После допроса меня сразу же увезли с аэродрома. С крепко связанными руками меня посадили в машину. Всю дорогу рядом со мной сидел офицер с пистолетом в руке. Мне удалось осторожно сдвинуть повязку, которой мне завязали глаза. Машина двигалась по степи вдоль берега Волги, потом мы въехали на пыльные улицы Сталинграда. Улицы города были пустынны, дымились черным дымом разрушенные здания. Через пустые провалы домов, где когда-то были окна, издалека были видны багровые отблески пламени. На зеленом островке земли между развалинами огромных бетонных зданий лежал казавшийся невредимым немецкий «Хейнкель-111». Я увидел на фюзеляже фигурку льва, эмблему моей эскадры, и подумал о судьбе своих товарищей.
В углу мрачного кабинета меня поставили лицом к стене, где мне пришлось простоять несколько часов. Один из русских подвинул мне стул и предложил присесть, но его коллега тут же сбил меня с сиденья ударом кулака. Той же ночью меня допрашивали снова. Дом содрогался от рвущихся неподалеку авиабомб. Потом меня вывели на улицу, где стоял грузовик, около которого ждали несколько солдат.
— Ты офицер, и я офицер! Значит, мы товарищи! — проговорил один из них и похлопал меня по плечу. Явственный запах водки от него выдавал его состояние.

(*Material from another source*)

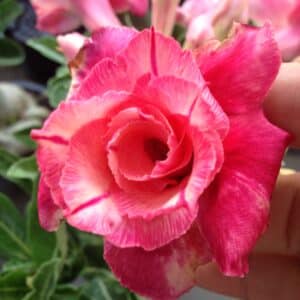 Buy Adenium (Desert Rose) 'Fuji Lava' online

Та ночная поездка по улицам Сталинграда казалась мне бесконечной, в особенности после того, как русские стали совать мне под ребра свои автоматы, и на каждом ухабе со страхом ожидал случайной очереди. Так с охраной по бокам я ехал по темным переулкам. Следующее, что мне запомнилось, была железная койка с ячеистым матрасом в подвале большого жилого дома. Передо мной сидел все тот же офицер, от которого пахло водкой. По краям кровати рядом со мной расселись солдаты с узкими глазами монголов и казахов. Русские вели себя довольно дружелюбно. Двое из них могли объясняться на ломаном немецком. И вновь мне пришлось отвечать на бесчисленные вопросы о своей личной жизни и о Германии. Наши противники думали о нас примерно так же, как и мы о них. Постепенно разговор начал смещаться в сторону политических вопросов.

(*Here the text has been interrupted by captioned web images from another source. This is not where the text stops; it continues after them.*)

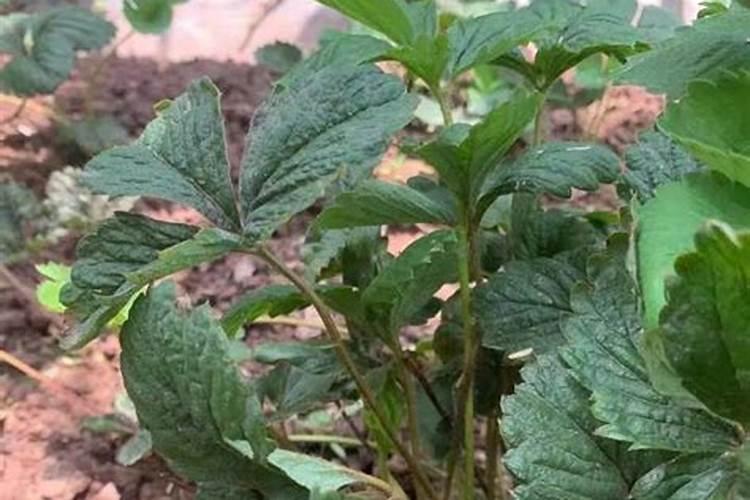 荔枝幼苗施肥时期以及方法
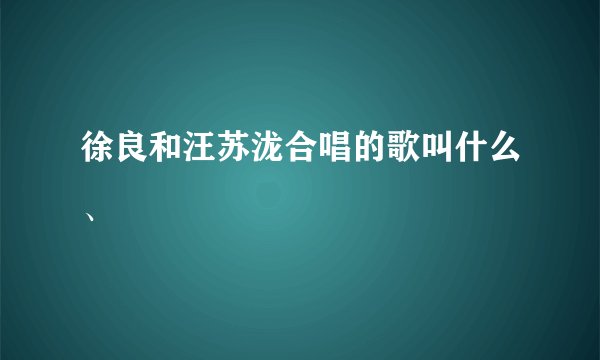 徐良和汪苏泷合唱的歌叫什么、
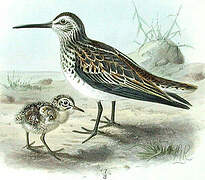 Broad-billed Sandpiper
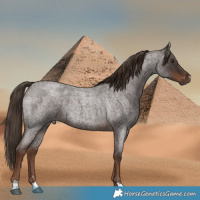 Horse Color:Liver Red Roan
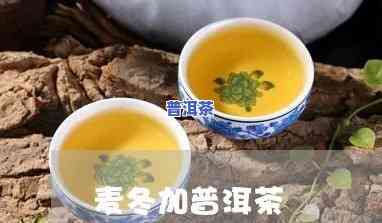 普洱茶与麦冬搭配，养生新宠：普洱茶与麦冬的完美搭档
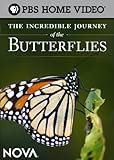 The Incredible Journey of the Butterflies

— Почему вы напали на нас? Что мы вам сделали? Что вам нужно в Сталинграде?
«Если бы я сам это знал», — подумал я про себя и ничего не ответил. Русские выдержали паузу, а затем снова стали задавать те же вопросы. Я понял, что уклониться от ответа не удастся.
— Мы, немцы, ничего не имеем против русских, — начал я осторожно. — В Германии никогда не испытывали вражды по отношению к России. Против Франции — да, наверное, и, возможно, против Англии, за прошлую войну, но никогда не против России.
— Но почему же тогда вы напали на нас и уничтожаете все вокруг?
От этого вопроса уйти не удалось.
— Я считаю, что то, что мы воюем друг с другом, — это катастрофа как для Германии, так и для России. Такая война может быть выгодна только англичанам и американцам. Это они своими маневрами подтолкнули Германию к этой авантюре.
Я высказался так только для того, чтобы разрядить обстановку. В конце концов, я не хотел говорить этим людям в лицо, что мы пришли, чтобы отнять у них землю и превратить в свою колонию. А им вряд ли понравилось бы, услышь они выражение «крестовый поход против большевизма».
Мои слова произвели поразительное впечатление. Я и не думал, что мне удастся попасть в тон тому, что вот уже несколько лет внушала людям официальная советская пропаганда.
Все эти русские были невысокого мнения об англичанах, в основном из-за задержки теми открытия второго фронта. Они кивали в знак согласия. На какое-то время я позабыл о положении, в котором находился.
Русский офицер первым нарушил сложившуюся атмосферу мира и согласия. Он явно хотел разрушить то благоприятное впечатление, которое сложилось у его подчиненных от моих слов, и не позволить им попасть во власть симпатий к «фашисту».
— Гитлер — капиталист, — пробубнил он монотонным голосом.
Его слова упали, как камень в спокойную воду. Все снова стали смотреть в мою сторону с выражением враждебного ожидания на лицах. Офицер наклонился ко мне, обдавая меня запахом водки:
— Ты должен сам сказать нам, каков ваш Гитлер! — Он держал меня за одежду и медленно раскачивал взад-вперед.
Я попытался улыбнуться и притвориться невозмутимым. Пусть уж они считают Гитлера капиталистом, если им так уж это нужно. Я злился, что мне предъявляют счет еще и за это.
— О! Гитлер! — заметил я миролюбивым тоном. — Может, он и капиталист, я не знаю, но, по-моему, это не так.